By Lucia Mutikani
WASHINGTON, Feb 18 (Reuters) – New orders for key U.S.-manufactured capital goods increased more than expected in December and shipments of these products surged, pointing to solid business spending on equipment and economic growth in the fourth quarter.
The strength in the so-called core capital goods orders at the end of the year reported by the Commerce Department on Wednesday, and likely driven by an artificial intelligence investment boom, set the foundation for sustained strength in economic growth in 2026, economists said.
“After the AI boom sustained the business spending category of GDP in the first three quarters of the year, firms outside of the tech space began to re-engage late last year, setting the stage for a noticeable pickup in investment outlays in 2026,” said Stephen Stanley, chief U.S. economist at Santander U.S. Capital Markets.
“This has been and continues to be my main justification for expecting an above-consensus economic performance in 2026.”
Non-defense capital goods orders excluding aircraft, a closely watched proxy for business spending, rose 0.6% after an upwardly revised 0.8% increase in November, the Commerce Department’s Census Bureau said. Economists polled by Reuters had forecast these so-called core capital goods orders advancing 0.4% after a previously reported 0.4% gain in November.

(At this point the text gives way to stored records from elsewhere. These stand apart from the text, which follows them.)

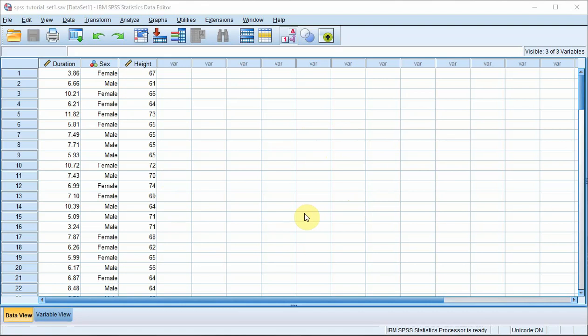The variable we're interested in here is the duration variable which refers to the amount of time it takes a person to fall asleep while listening to a statistics lesson. We want to know the average amount of time and also the standard deviation of the times, that is the spread of the times.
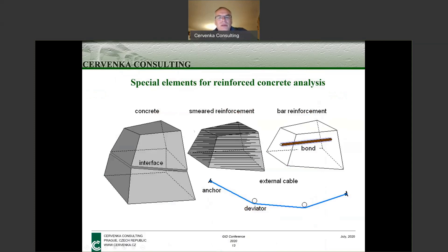This slide summarizes some other features we need to consider. We need a good concrete model, interface models, and very importantly, modeling of reinforcement. We have various models: the smeared model, which treats reinforcement as a composite material, and a discrete reinforcement model, either as external cables or internal bars, where we can also take into account bond — that is, the failure between concrete and reinforcement.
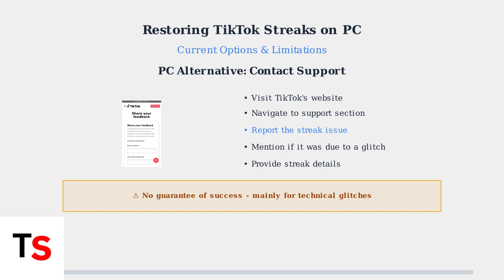In summary, while PC users face limitations with TikTok's streak restoration, understanding these options — mobile restoration within 48 hours, or contacting support for technical issues — gives you the best chance of recovering lost streaks.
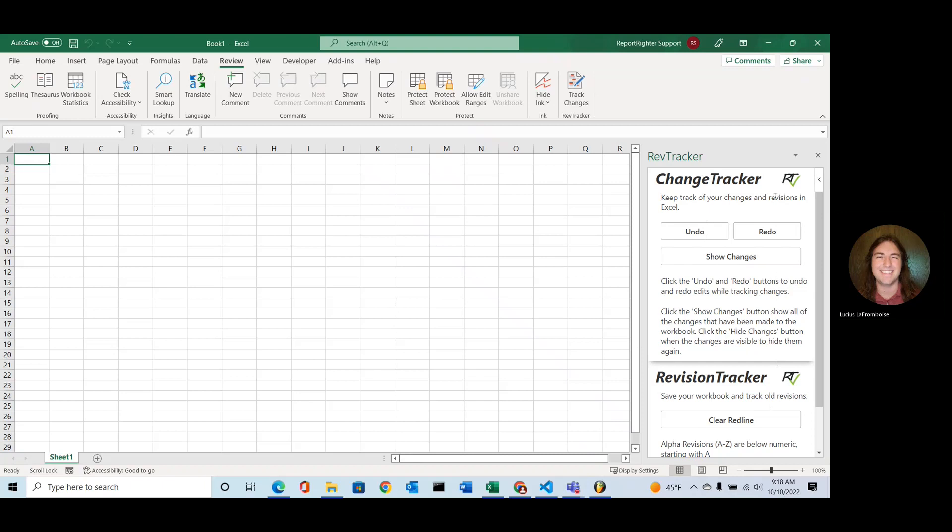And that's really important to remember when you're doing this because you want to make sure that this is open if you're going to be redlining your document. So as I mentioned, any change here, so this will be tracked.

Core capital goods orders advanced 3.5% year-on-year. Business spending on equipment is being boosted by an artificial intelligence investment boom, which has fueled rapid growth in data centers. But tariffs on imports have stifled manufacturing that is not tied to AI. Economists expect a broad manufacturing sector recovery this year as some of the uncertainty from tariffs fades and tax cuts take effect.

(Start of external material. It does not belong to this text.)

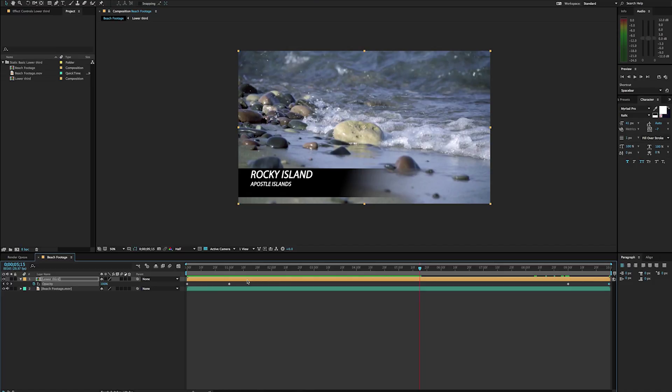To be honest, that's okay. I think that it's a little boring and we can do a little bit better. So let's take a look at creating a more dynamic lower third.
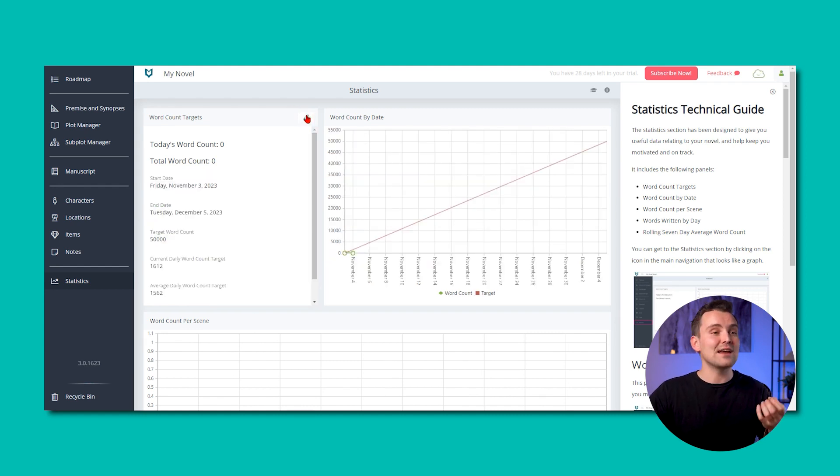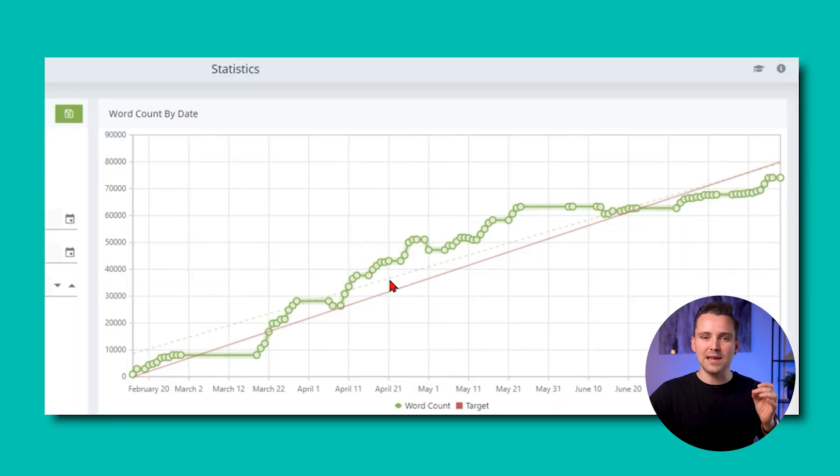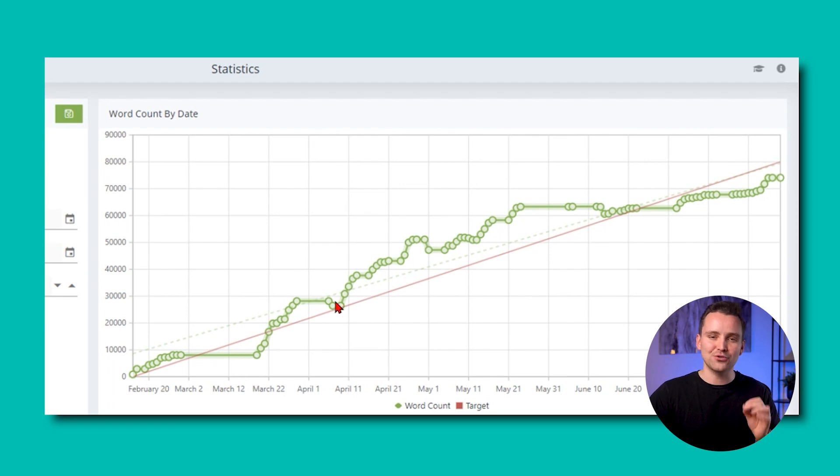This will create a red target line on your word count by date graph. And every day you write, a green line will be added, showing if you are on track. And as you write your novel, the other graphs will update to keep you motivated and in control.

Orders for fabricated metal products surged 0.9% in December, while those for electrical equipment, appliances and components rose 0.6%. Machinery orders gained 0.3%. Orders for computers and electronic products soared 3.0%. Primary metals orders shot up 1.7%.
Shipments of core capital goods jumped 0.9% after climbing 0.2% in November. The report, which was delayed by last year’s shutdown of the federal government, was published ahead of the advance estimate of gross domestic product for the fourth quarter on Friday.
Business spending on equipment is forecast to have notched a fourth straight quarter of growth. The economy likely grew at a 3.0% annualized rate in the fourth quarter after expanding at a 4.4% pace in the July-September quarter, a Reuters survey of economists showed.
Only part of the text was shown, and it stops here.